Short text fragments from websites

....

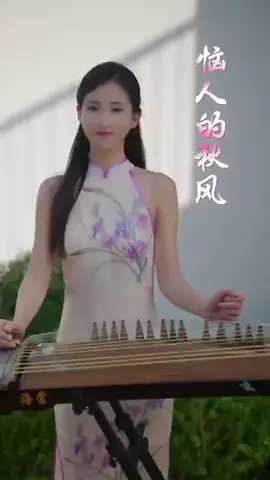 恼人的秋风- Nao ren de qiu feng #古筝 #chinesemusic #musicmandarin #instrumental #viralpost 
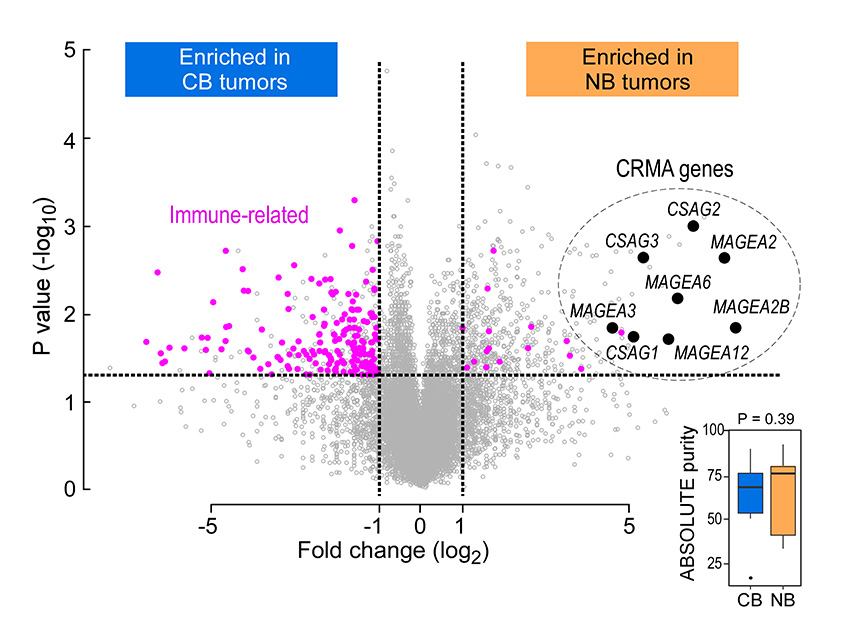 Diagram that shows a differential gene expression analysis comparing no benefit (NB; n = 22) and clinical benefit (CB; n = 13) groups identified 457 genes upregulated in NB samples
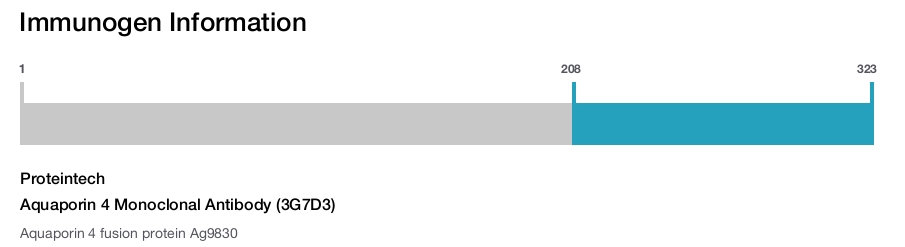 Aquaporin 4 Monoclonal Antibody (3G7D3)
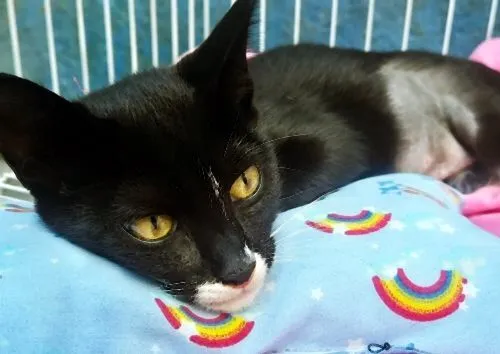 Gato raça SRD-ViraLata idade 2 a 6 meses nome BUBA FRAJOLA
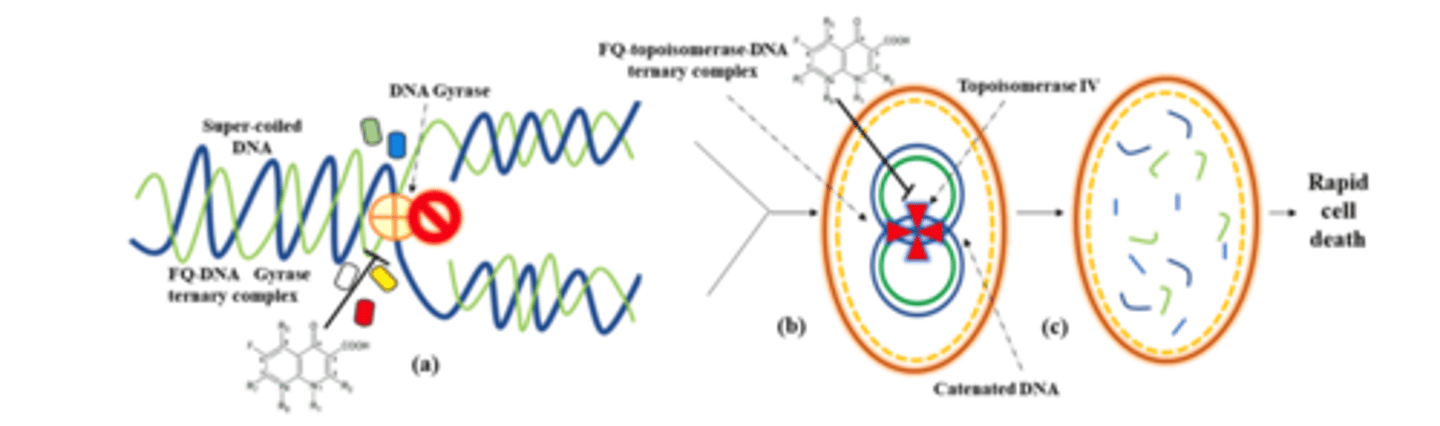 <p>- (a) A ternary FQ/DNA/DNA gyrase complex leads to slow death of the bacteria </p><p>- (b) Formation of an FQ/topo IV/DNA ternary complex leads to more rapid bacterial cell death</p><p>- fragmented DNA</p>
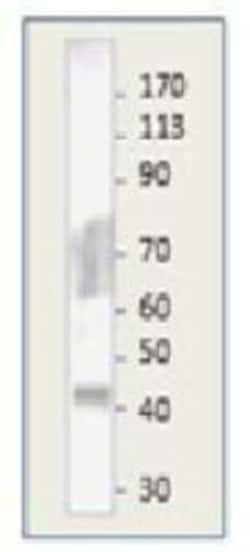 MuRF1/TRIM63 Antibody, Novus Biologicals 0.025 mg; Unconjugated:Antibodies,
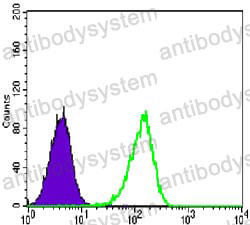 Anti-CARM1 Antibody (R3Z08)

....

* **Aim of the exercise**: Restate each entry verbatim and skip every image.

* **Solution to this task**:
 恼人的秋风- Nao ren de qiu feng #古筝 #chinesemusic #musicmandarin #instrumental #viralpost 
 Diagram that shows a differential gene expression analysis comparing no benefit (NB; n = 22) and clinical benefit (CB; n = 13) groups identified 457 genes upregulated in NB samples
 Aquaporin 4 Monoclonal Antibody (3G7D3)
 Gato raça SRD-ViraLata idade 2 a 6 meses nome BUBA FRAJOLA
 <p>- (a) A ternary FQ/DNA/DNA gyrase complex leads to slow death of the bacteria </p><p>- (b) Formation of an FQ/topo IV/DNA ternary complex leads to more rapid bacterial cell death</p><p>- fragmented DNA</p>
 MuRF1/TRIM63 Antibody, Novus Biologicals 0.025 mg; Unconjugated:Antibodies,
 Anti-CARM1 Antibody (R3Z08)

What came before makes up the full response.